Goal of the exercise: Copy out the entries word for word, leaving images aside.

(Web page caption snippets)
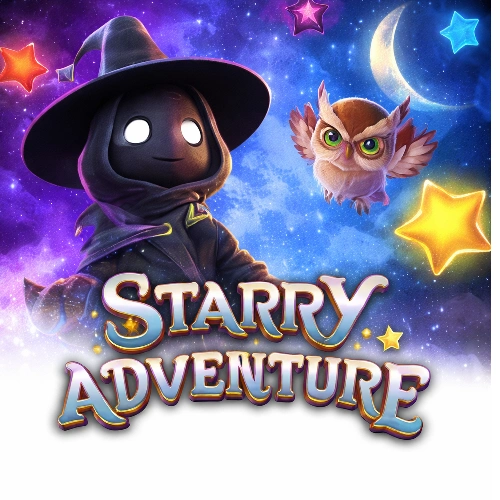Starry Adventure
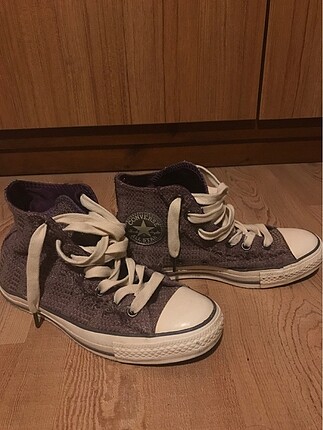 Converse orijinal ayakkabı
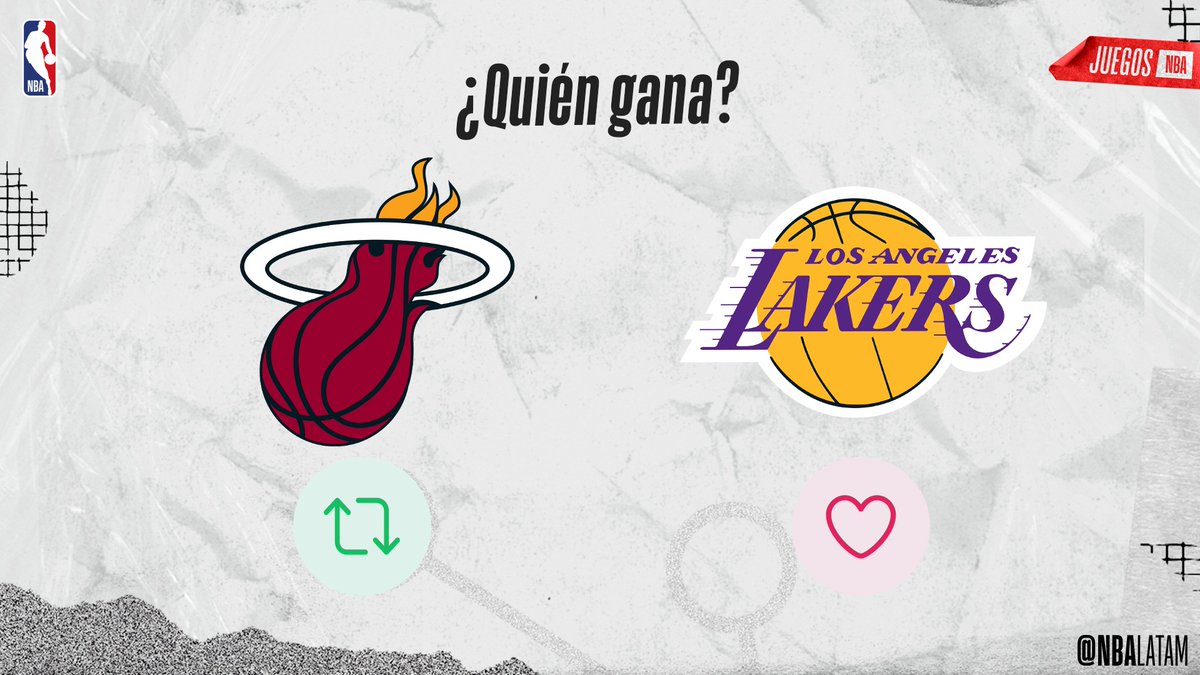 ¿Qué pasará hoy? 🤔

#NBAFinals
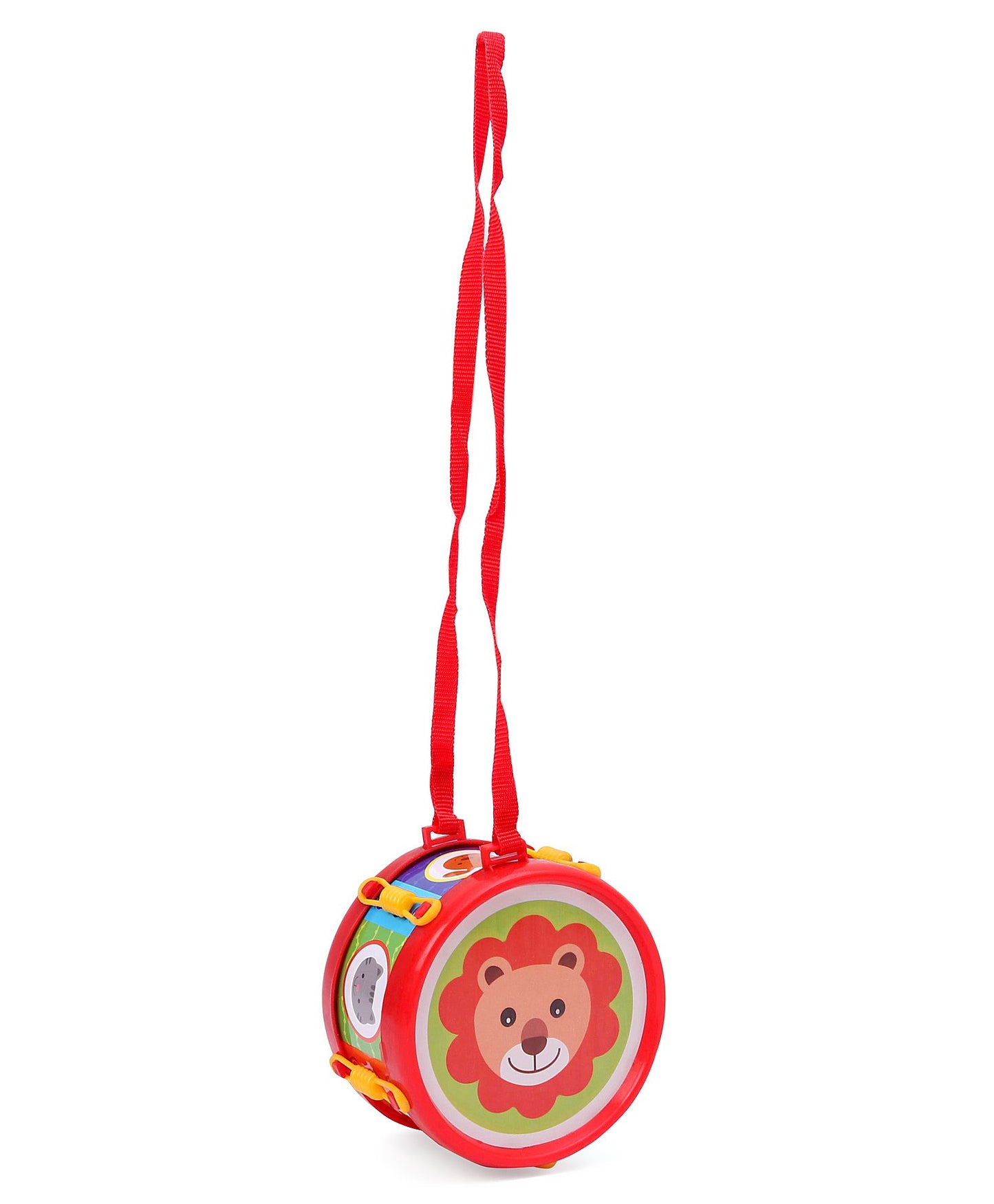 Baby Drum Junior Musical Preschool Toddler Toy
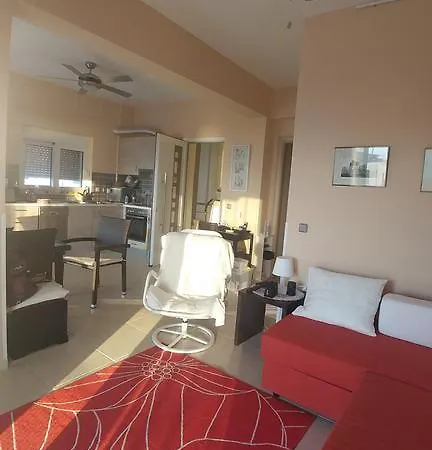 Apartment Sunset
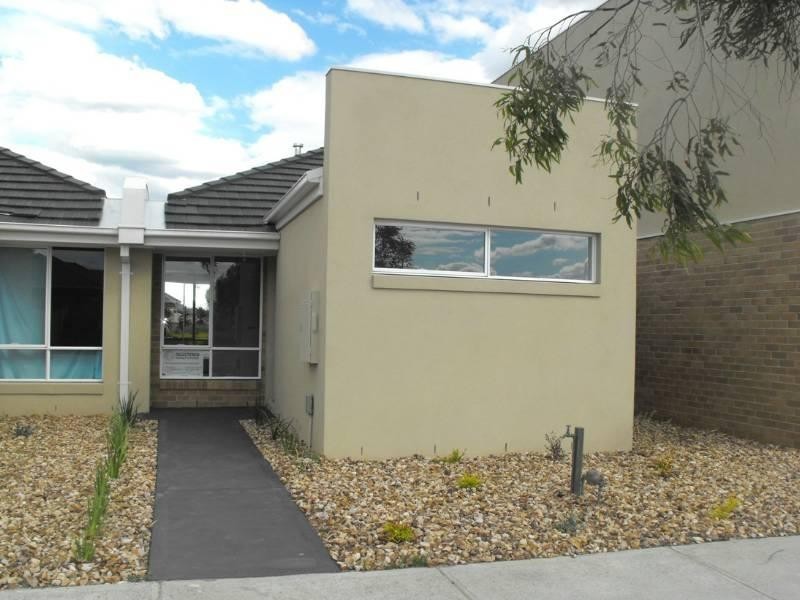 66 (Lot 252) Hayston Boulevard, Epping VIC 3076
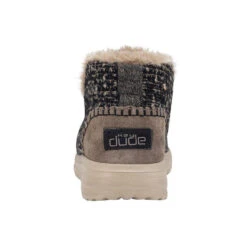 Heydude Hey Dude Women's Denny Tan Shoes -Western Edge 122051700 DENNY TAN 6 2048x2048 89366acb 7e94 4546 95f3 3b15db7501d4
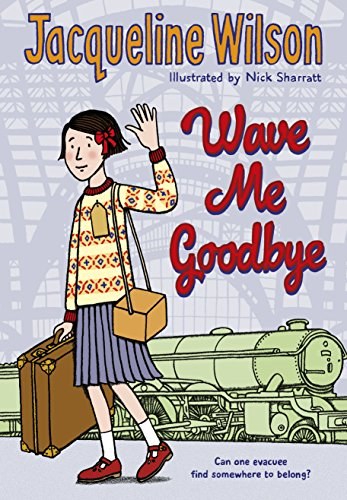 Wave me goodbye /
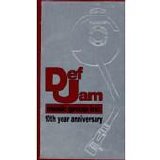 Various artists - Def Jam Music Group Ten Year Anniversary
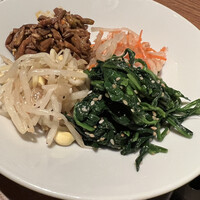 焼肉うしごろ 西麻布本店 - 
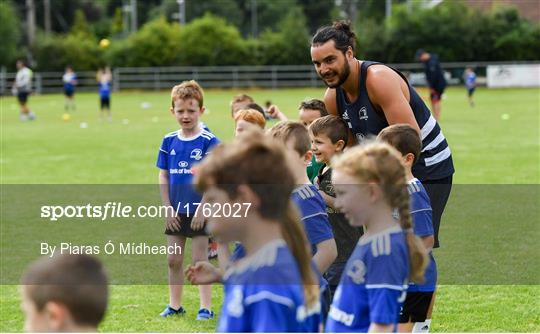 2019 Navan RFC Bank of Ireland Leinster Rugby Summer Camp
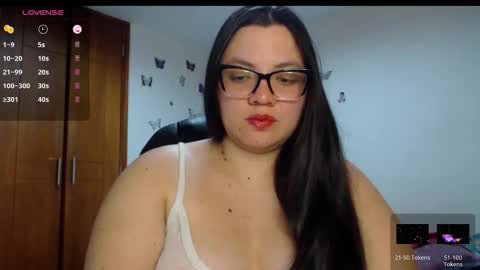 Sarah online show from 12.20.25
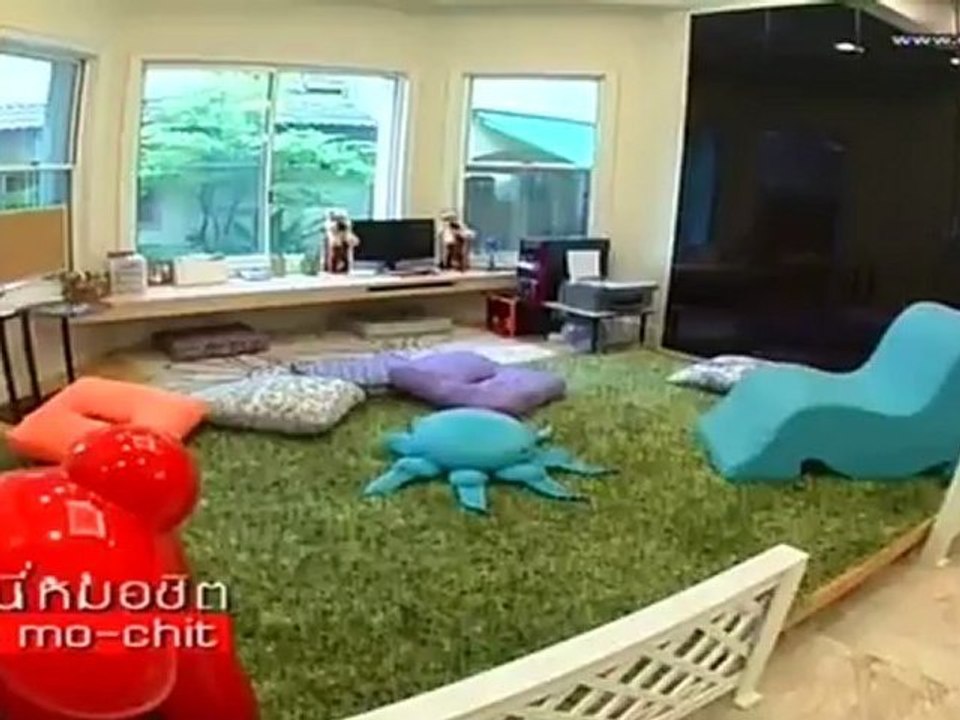ที่นี่หมอชิต 060555 เยี่ยมบ้าน เฟย์ ฟาง แก้ว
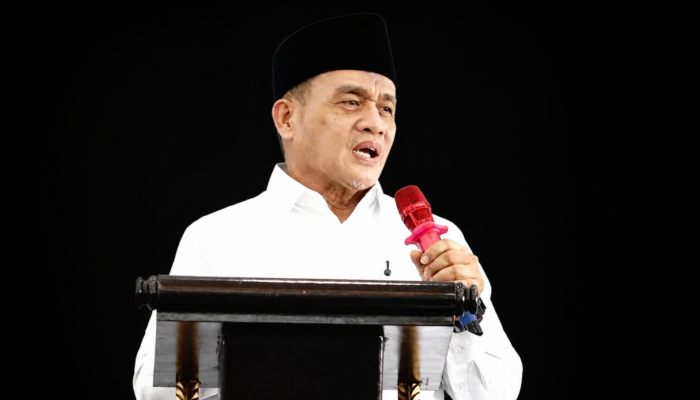 wamenag: tak ada perlindungan bagi pelaku kekerasan seksual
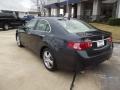 2012 Graphite Luster Metallic Acura TSX Sedan  photo #4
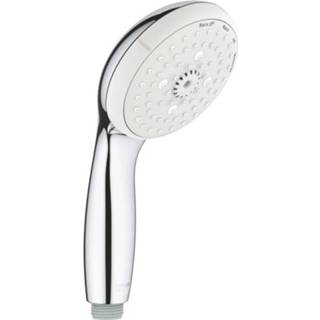 Handdouche chroom active Grohe New Tempesta IV 4005176444142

Output of the exercise:
Starry Adventure
 Converse orijinal ayakkabı
 ¿Qué pasará hoy? 🤔

#NBAFinals
 Baby Drum Junior Musical Preschool Toddler Toy
 Apartment Sunset
 66 (Lot 252) Hayston Boulevard, Epping VIC 3076
 Heydude Hey Dude Women's Denny Tan Shoes -Western Edge 122051700 DENNY TAN 6 2048x2048 89366acb 7e94 4546 95f3 3b15db7501d4
 Wave me goodbye /
 Various artists - Def Jam Music Group Ten Year Anniversary
 焼肉うしごろ 西麻布本店 - 
 2019 Navan RFC Bank of Ireland Leinster Rugby Summer Camp
 Sarah online show from 12.20.25
ที่นี่หมอชิต 060555 เยี่ยมบ้าน เฟย์ ฟาง แก้ว
 wamenag: tak ada perlindungan bagi pelaku kekerasan seksual
 2012 Graphite Luster Metallic Acura TSX Sedan  photo #4
 Handdouche chroom active Grohe New Tempesta IV 4005176444142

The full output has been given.